First Glimpse of Anger
The mustache was thick and black and shiny. I was so taken by the handsomest mustache I’d even seen on a woman that I didn’t register the words coming out beneath it. We passed the soapy air coming out the door of the hamam on our way to the taxi stand and this woman fell in beside us speaking in French as broken as my own. She was animated, and she was angry and she was shooting questions at me rapid fire. Where are you from, Europe? What’s wrong with your country that you had to come here? Why don’t you go back to your country and leave Morocco for all the good Muslims? We walked on like this for nearly a minute, she yelling, and me listening and not replying, trying to avoid the racing motor scooters that were oblivious to our little drama. As the neighborhood shopkeepers saw what was going on they hastened to stop her, and all circled their fingers beside their temples in the international sign for crazy.

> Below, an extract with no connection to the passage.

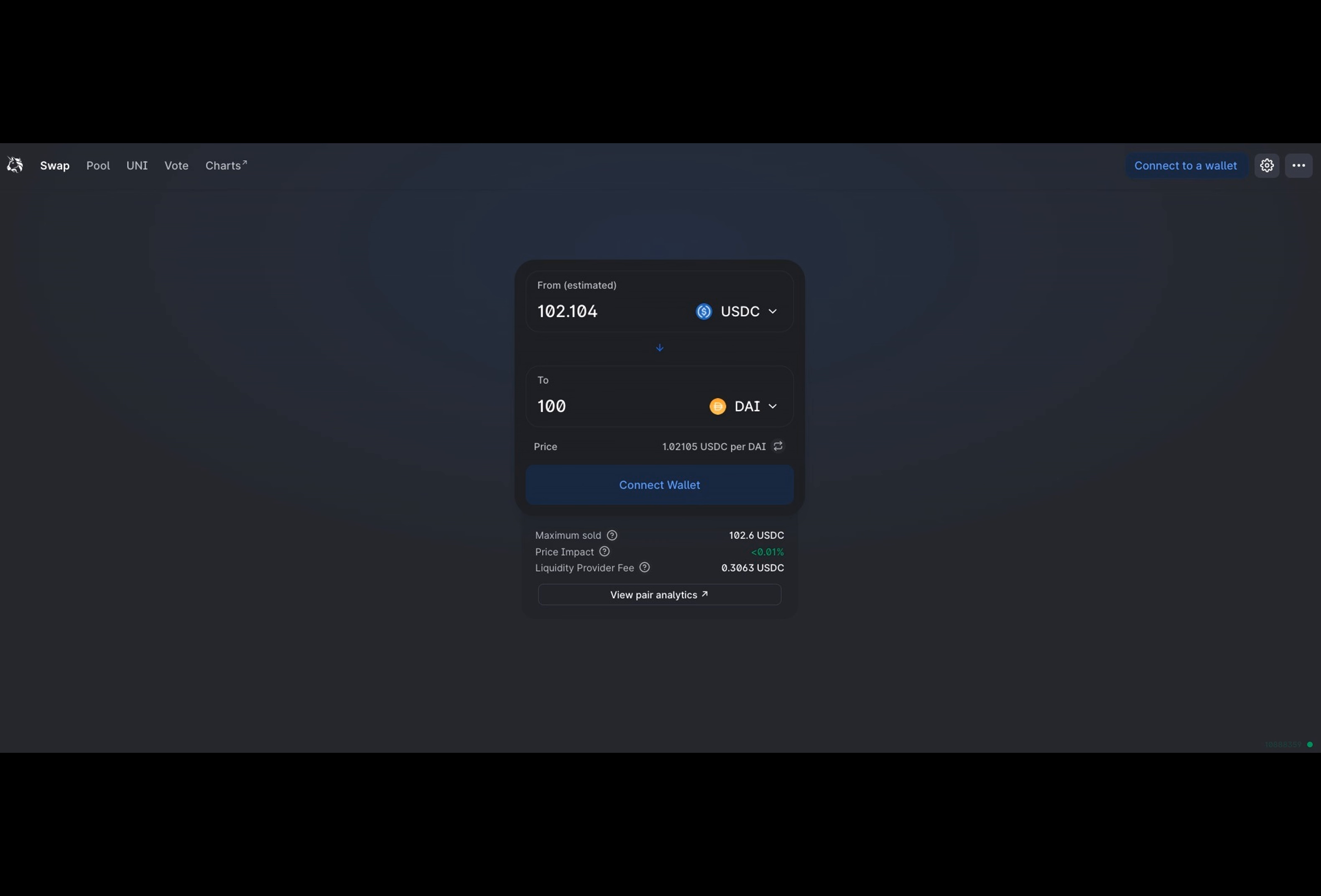If you've ever wondered what the future of decentralized finance, DeFi, holds, well, wonder no more. The Uniswap Foundation has recently announced plans to launch version 4 of the Uniswap protocol, and we've got all the details for you.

In a year, this is the first outwardly hostile person we’ve encountered. As we hurry to the taxi stand I glance over my shoulder. It seems like the woman is accosting another foreigner. While the support from the neighborhood shopkeepers was nice, this mustachioed woman has gotten me thinking about our place in Morocco. We certainly have no intention of becoming Muslim in a country where 97% of people are. And what really is it that made us move here? Do other locals feel as she did, but keep quiet out of fear of the tourist police or of losing a regular customer? Perhaps we're naive in thinking her a loony anomaly, but as someone still obsessing about this woman’s mustache, how much serious reflection am I really capable of?